*** Opening of Material for this exercise ***

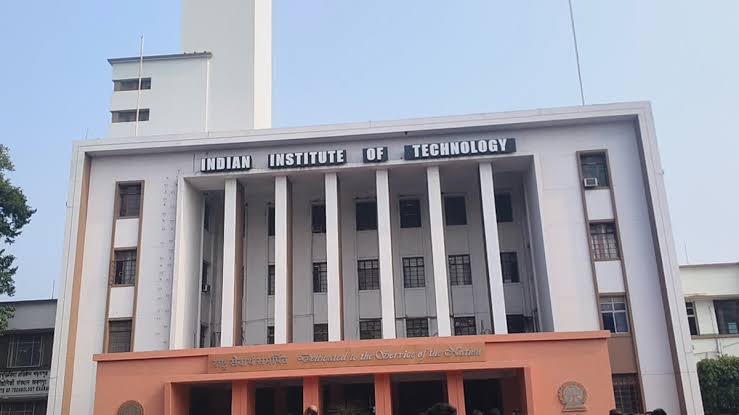 Iit kharagpur Iit kharagpur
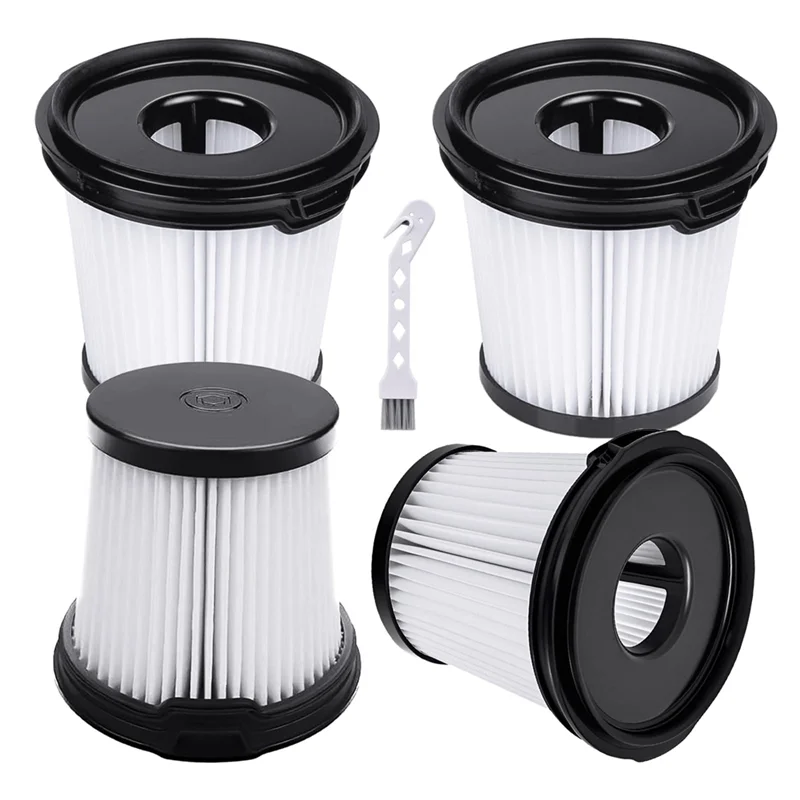 BAAD For Shark Iw3511 Detect Pro Filters Forshark Vacuum Filter Vacuum Cleaner Filter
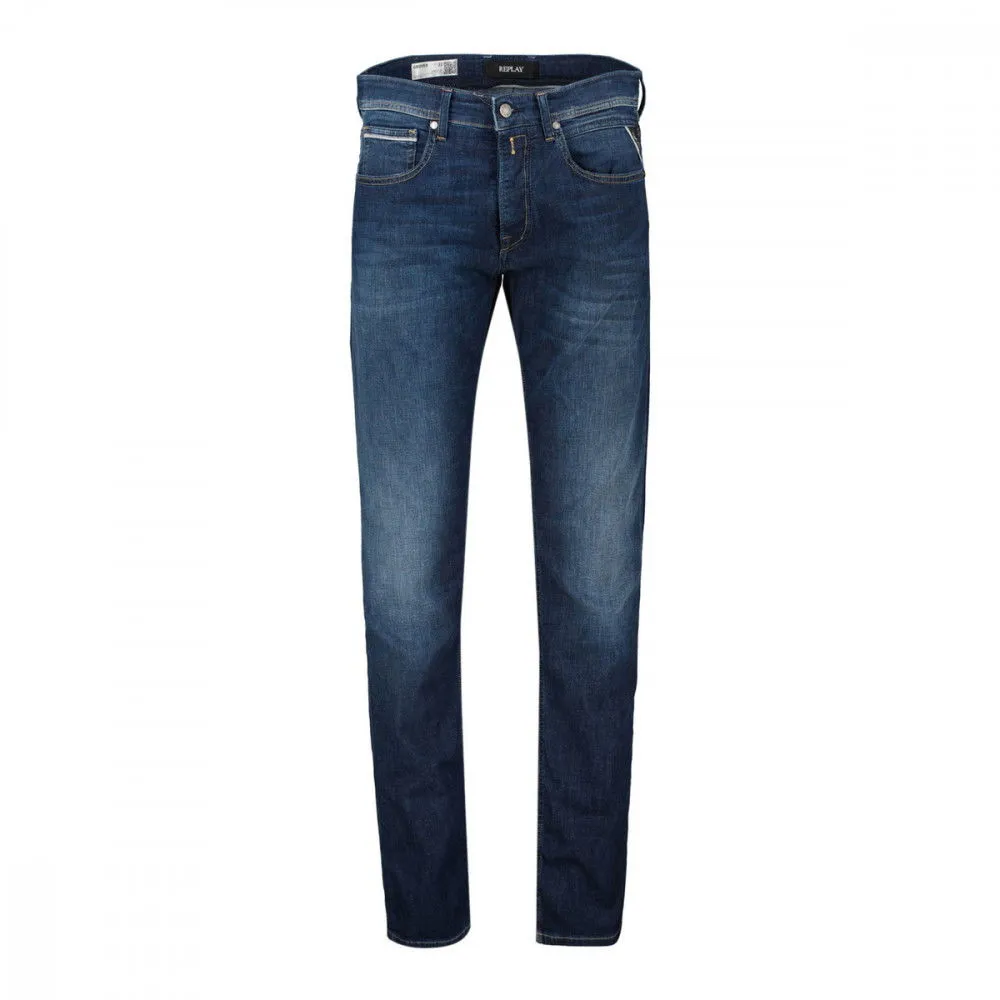 REPLAY JEANS GROVER X LITE PLUS WAIST 32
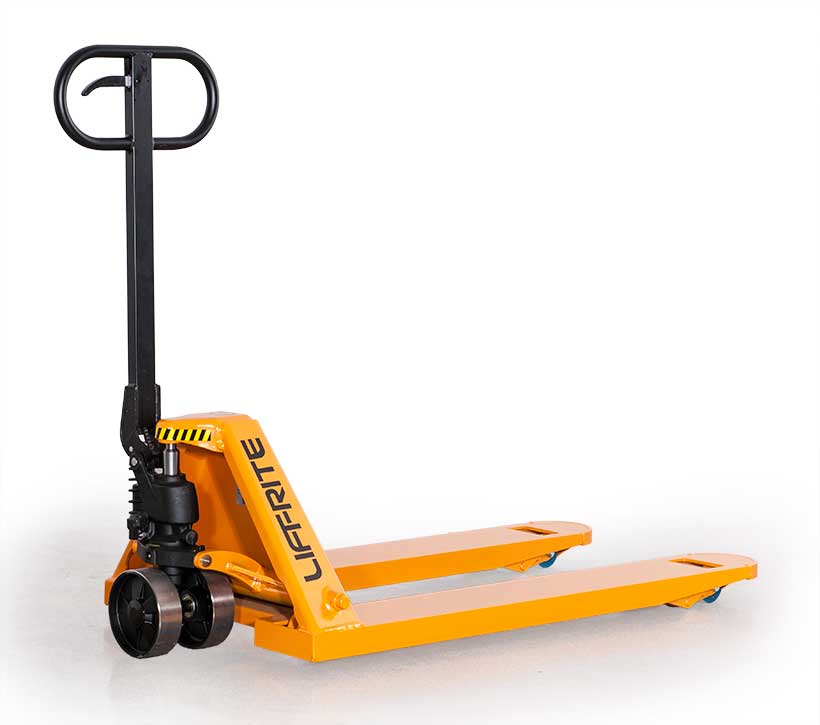 Lift-Rite LCS80 Heavy Duty Hand Pallet Truck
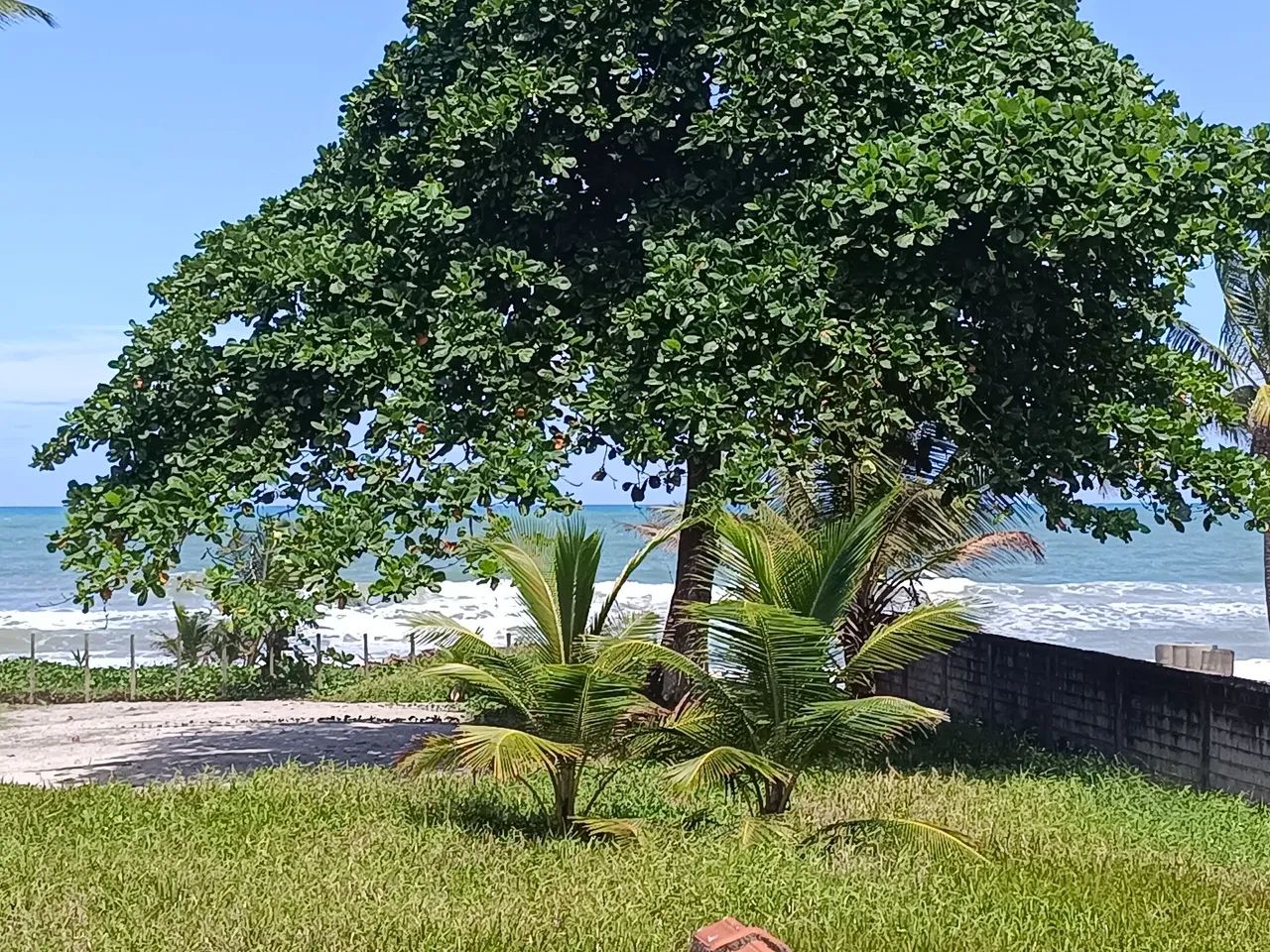 foto - Ilhéus - São Domingos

*** Close of Material for this exercise ***

#### Brief:
Give the records again exactly, pictures left out.

#### Answer for this exercise:
 Iit kharagpur Iit kharagpur
 BAAD For Shark Iw3511 Detect Pro Filters Forshark Vacuum Filter Vacuum Cleaner Filter
 REPLAY JEANS GROVER X LITE PLUS WAIST 32
 Lift-Rite LCS80 Heavy Duty Hand Pallet Truck
 foto - Ilhéus - São Domingos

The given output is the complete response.